# Exercise prompt
Retype each line of the material exactly, please, skipping any picture in it.

*** Data provided ***

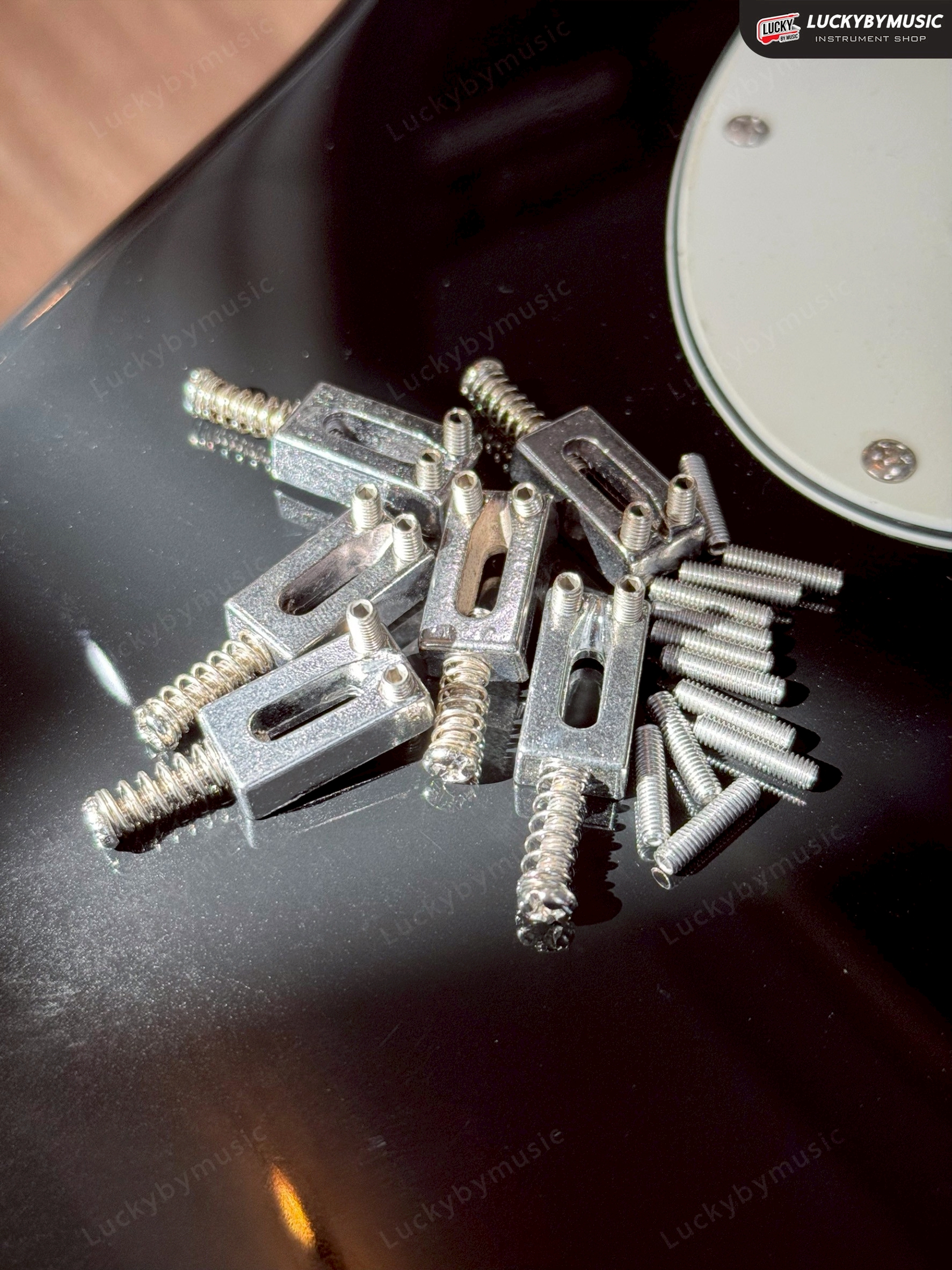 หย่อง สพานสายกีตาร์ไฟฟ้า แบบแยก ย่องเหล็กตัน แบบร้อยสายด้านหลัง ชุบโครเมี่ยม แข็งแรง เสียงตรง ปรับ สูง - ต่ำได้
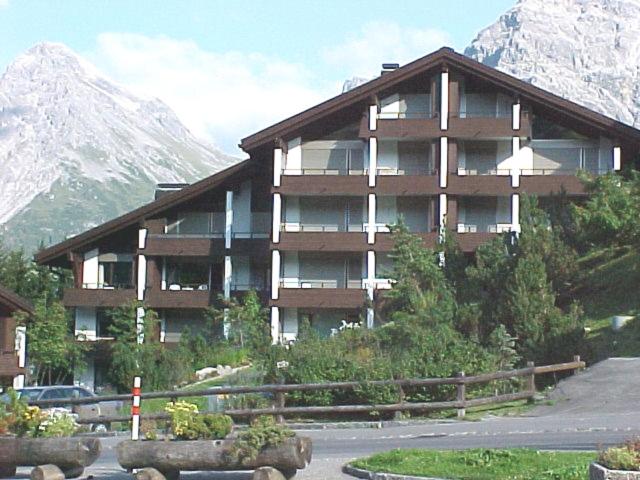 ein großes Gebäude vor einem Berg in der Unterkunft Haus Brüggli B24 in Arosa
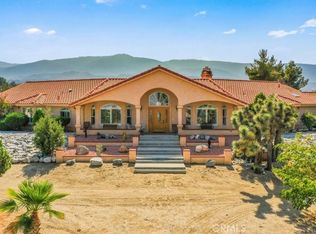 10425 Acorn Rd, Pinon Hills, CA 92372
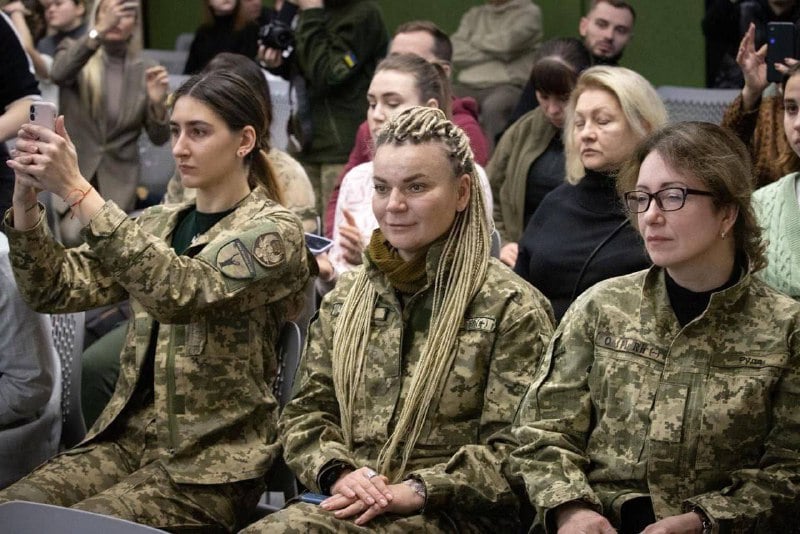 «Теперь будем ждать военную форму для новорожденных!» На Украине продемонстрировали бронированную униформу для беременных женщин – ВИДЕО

***

# Problem solution
 หย่อง สพานสายกีตาร์ไฟฟ้า แบบแยก ย่องเหล็กตัน แบบร้อยสายด้านหลัง ชุบโครเมี่ยม แข็งแรง เสียงตรง ปรับ สูง - ต่ำได้
 ein großes Gebäude vor einem Berg in der Unterkunft Haus Brüggli B24 in Arosa
 10425 Acorn Rd, Pinon Hills, CA 92372
 «Теперь будем ждать военную форму для новорожденных!» На Украине продемонстрировали бронированную униформу для беременных женщин – ВИДЕО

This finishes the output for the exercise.